Listed are a small range of resources available to Family Historians
Local Studies Centre at Burton Library
The Burton Family and Local History Centre on the ground floor of the Burton Library has the following resources available to study:
Anglican Parish Registers
Microfiche copies of Staffordshire parish registers in the former registration district of Burton upon Trent are available on microfiche. These include: Anslow; Barton under Needwood; Burton-upon Trent, All Saints, Christ Church, Holy Trinity, St Aidan, St Margaret, St Modwen, St Paul; Dunstall; Hanbury; Horninglow; Rolleston; Stretton with Claymills; Tatenhill; Tutbury; Wychnor; and Yoxall.

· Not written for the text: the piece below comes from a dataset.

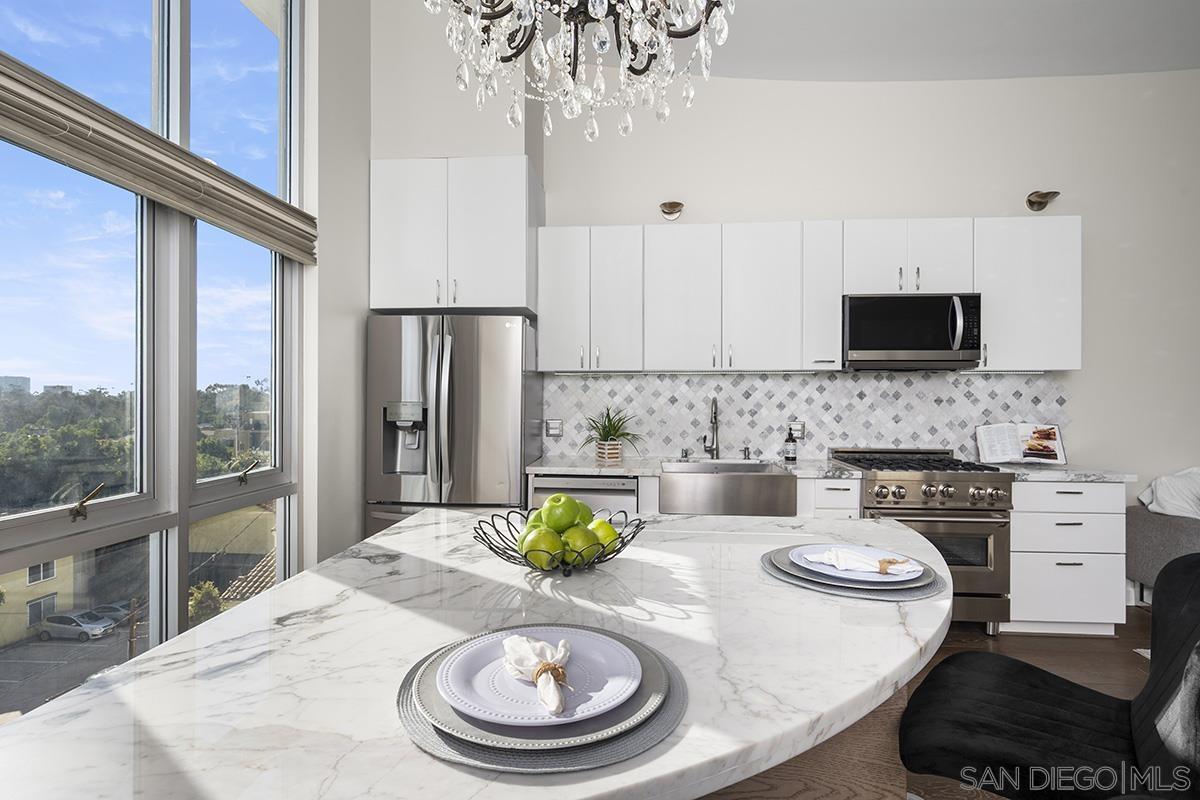 Detail Gallery Image 9 of 39 For 3788  Park Blvd  #12,  San Diego,  CA 92103 - 2 Beds | 2 Baths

Microfiche copies of bishops transcripts of Derbyshire parish registers in the former registration district of Burton are available as follows: Church Gresley; Rosliston; Stapenhill.
Microfiche copies of nonconformist registers for a large number of chapels within the Burton-upon-Trent Methodist circuits and for other nonconformist chapels are available.
Census Returns and Indexes
Census returns are available on microfilm for parishes in the former registration district of Burton-upon-Trent, 1841-1891. The 1901 census returns are accessible online. The census returns for Staffordshire and Derbyshire for 1861 are available on CD ROM. The surname index to the 1851 census index for Burton is available on microfiche.
International Genealogical Index
Available on microfiche for the whole of the British Isles.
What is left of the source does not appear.